Let $\operatorname{Binom}(n, p)$ be $n$ trials with probability of success $p$. I want to find
$$\lim\limits_{n \to \infty} P(\operatorname{Binom}(n, p) \geq n/2)$$
I didn't know how to do this with the binomial distribution itself, so I tried transforming it into a random walk.
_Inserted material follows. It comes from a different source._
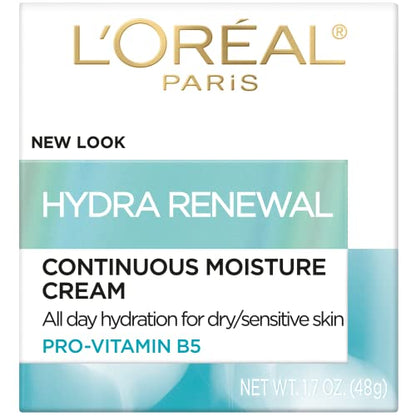 L'Oreal Paris Skincare Hydra-Renewal Face Moisturizer with Pro-Vitamin B5 for Dry Sensitive Skin, All-Day Hydration, 1.7 Oz L'Oreal Paris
That is, if we have $A_i = 1$ with probability $p$ and $A_i = -1$ with probability $1-p$, this is equivalent to
$$\lim\limits_{n \to \infty} P\left(\sum\limits_{i = 1}^n A_i \geq 0\right)$$
but I wasn't sure where to go from here either.
Best Answer
Note that $\operatorname{Var}(\operatorname{Binom}(n,p))=np(1-p)$, and so you can use Chebyshev's inequality to show that $$P\left(\left|\frac{\operatorname{Binom}(n,p)}{n}-p\right|>\epsilon\right)\to 0$$ for any $\epsilon>0$.
This immediately gives the answer $0$ for any $p<1/2$ and $1$ for any $p>1/2$. For $p=1/2$ you also need to check that $P(\operatorname{Binom}(n,1/2)=n/2)\to 0$; one way to do this is by Stirling's approximation.